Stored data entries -
****************************************

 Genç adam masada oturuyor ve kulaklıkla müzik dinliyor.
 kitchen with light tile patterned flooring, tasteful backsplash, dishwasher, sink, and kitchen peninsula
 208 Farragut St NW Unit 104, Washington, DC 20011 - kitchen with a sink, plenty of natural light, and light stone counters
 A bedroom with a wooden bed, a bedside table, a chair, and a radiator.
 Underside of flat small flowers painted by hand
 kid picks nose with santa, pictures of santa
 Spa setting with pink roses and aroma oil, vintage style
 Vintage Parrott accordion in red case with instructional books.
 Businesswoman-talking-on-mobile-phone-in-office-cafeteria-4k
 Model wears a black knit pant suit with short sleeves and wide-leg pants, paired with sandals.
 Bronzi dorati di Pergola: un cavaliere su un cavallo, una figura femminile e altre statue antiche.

****************************************

Your instructions -
Each of the lines from the one holding "Businesswoman-talking-on-mobile-phone-in-office-cafeteria-4k" through the final line of the entries is to be set down exactly, and no others.

Result -
 Businesswoman-talking-on-mobile-phone-in-office-cafeteria-4k
 Model wears a black knit pant suit with short sleeves and wide-leg pants, paired with sandals.
 Bronzi dorati di Pergola: un cavaliere su un cavallo, una figura femminile e altre statue antiche.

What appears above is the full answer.